Les électeurs veulent l’union

Le premier problème, pour Macron, est que les électeurs de gauche veulent l’union. Selon un sondage réalisé avant les européennes du 9 juin, 76% des sympathisants français de gauche auraient préféré une liste unique, ce qui n’avait pas pu être le cas compte tenu des divergences fortes entre les sociaux-démocrates et la gauche radicale, à la fois sur l’Europe (LFI est très anti-allemande et anti-euro) et sur Gaza (les positions de LFI sur le «génocide» en cours dans le territoire palestinien alimentent l’accusation d’antisémitisme reprise par Emmanuel Macron).

Le second problème, encore plus sérieux, est que l’enjeu politique national des législatives peut permettre à cette gauche de se rassembler comme elle l’a fait avec la NUPES (Nouvelle union populaire, écologique et sociale) en juin 2022. Est-ce factice? Peut-être. Est-ce électoral? Bien sûr. Est-ce faisable et souhaitable? Oui, disent la majorité des électeurs et des cadres élus de ces différents partis. Des manifestations anti extrême-droite sont prévues dès ce week-end à l'initiative des syndicats. «C'est nous qui allons faire le niveau de la mobilisation. Nous devons tous y être» a promis la secrétaire générale de la CGT Sophie Binet.

Celui qui se retrouve prisonnier de cette logique est, paradoxalement, l’un des vainqueurs du 9 juin. Raphaël Glucksmann, activiste venu de la société civile, est aujourd’hui la figure la plus en vue du camp social-démocrate, même s’il n’a jamais été membre du PS. Il avait dit et répété qu’il ne voulait pas d’un accord programmatique avec La France Insoumise de celui que tout le monde redoute: Jean-Luc Mélenchon, l’ancien candidat à la présidentielle (21,95% des voix, éliminé au premier tour). Il s'y serait finalement rallié, même si l'on ne connait pas encore les détails de son accord.

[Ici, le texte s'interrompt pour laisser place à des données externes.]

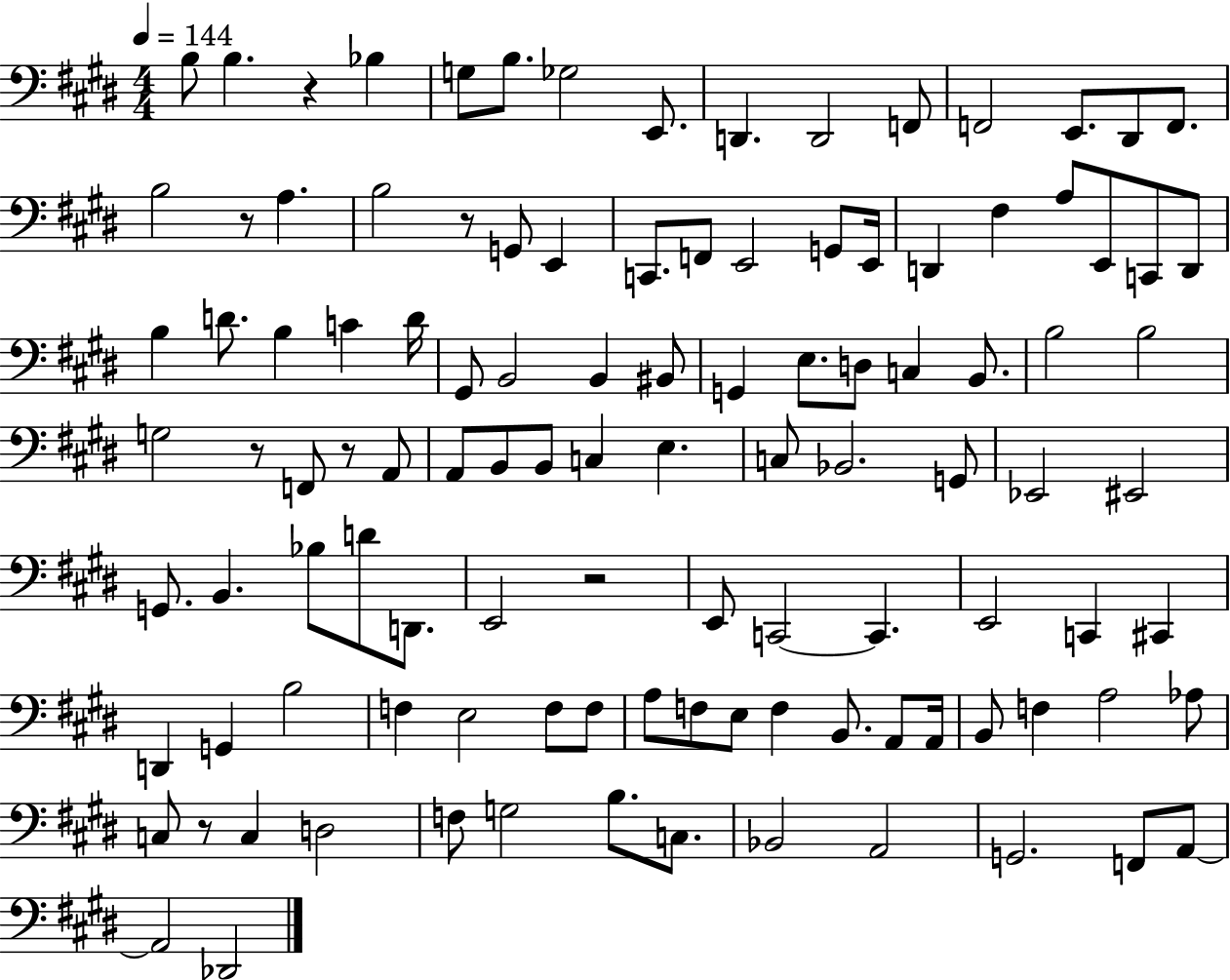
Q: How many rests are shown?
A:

La raison de ce ralliement ? Glucksmann n’est pas un élu national. Et il ne contrôle aucun appareil partisan. Tandis que Jean-Luc Mélenchon, lui, peut se permettre de rester derrière, et d’attendre. Il a promis de ne pas «s’imposer». Il sait, en vétéran de la politique, que le pouvoir se gagne sur le terrain, dans les élections. Il sait aussi que le «Front populaire» est en train de redonner de la fierté aux militants et aux électeurs. Ce qu'a aussi salué l'ancien président socialiste de la République François Hollande: «Pour moi, ce qui est essentiel, c’est que l’union ait pu se faire. J’ai des divergences qu’on connaît, mais il y a un moment, on va au-delà des divergences, on va à l’essentiel » a-t-il affirmé.

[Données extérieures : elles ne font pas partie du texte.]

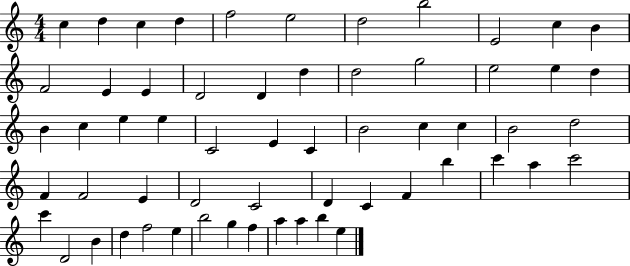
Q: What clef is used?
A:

Bordellisation de la vie politique

C’est cet «essentiel», cette fierté, qu’il faut prendre en compte. La gauche, face à l’extrême droite, retrouve une raison d’être. Elle retrouve un motif de combat. Elle retrouve une raison de s’unir aussi avec les syndicats. Le Front populaire de 1936 était autant un mouvement politique que social. Or, beaucoup d’observateurs redoutent, si le RN arrive au pouvoir en France, des grèves et des protestations à répétition, par exemple dans les campus.

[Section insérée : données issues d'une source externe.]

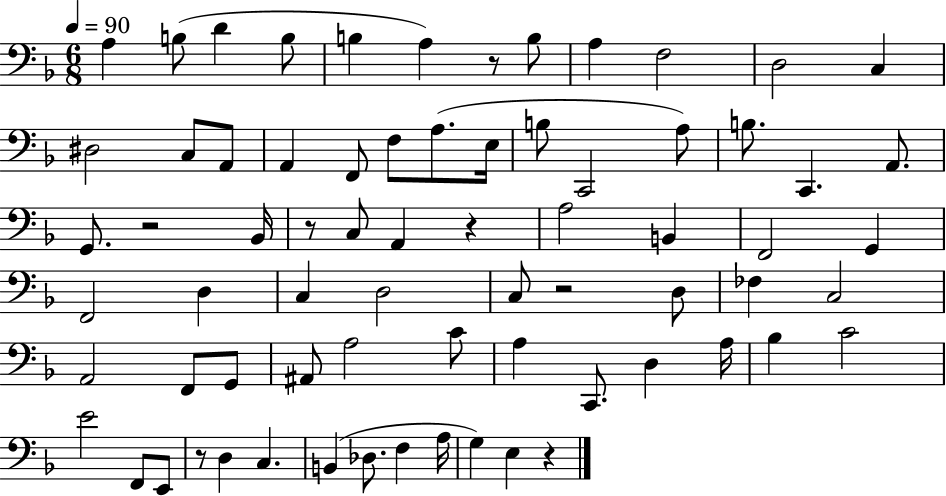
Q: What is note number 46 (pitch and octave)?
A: A3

La France Insoumise, accusée par Emmanuel Macron de «bordelliser la République» peut se réinventer en force combattante contre les nationaux populistes. Avec un argument massue: qui a précipité le risque d’arrivée du RN au sommet de l’État? La «bordellisation» ou la dissolution de l’Assemblée décidée par Emmanuel Macron?

Le Front populaire tiendra-t-il après l'élection ? Permettra-t-il, surtout, d'obtenir une majorité à l'Assemblée ? Sa première victoire est en tout cas d'avoir fait voler en éclats le plan «attrape-tout démocratique» d'Emmanuel Macron. Et pour cause. Le mandat du président français s’achève en 2027. Il ne pourra pas se représenter. L’union nationale offerte par ce Chef de l'État n’est guère inspirante. Mélenchon et les siens ont donc intérêt à mettre de l’eau dans leur vin. Le Front populaire peut permettre leur réhabilitation. Ils ne vont donc pas se priver de jouer cette carte.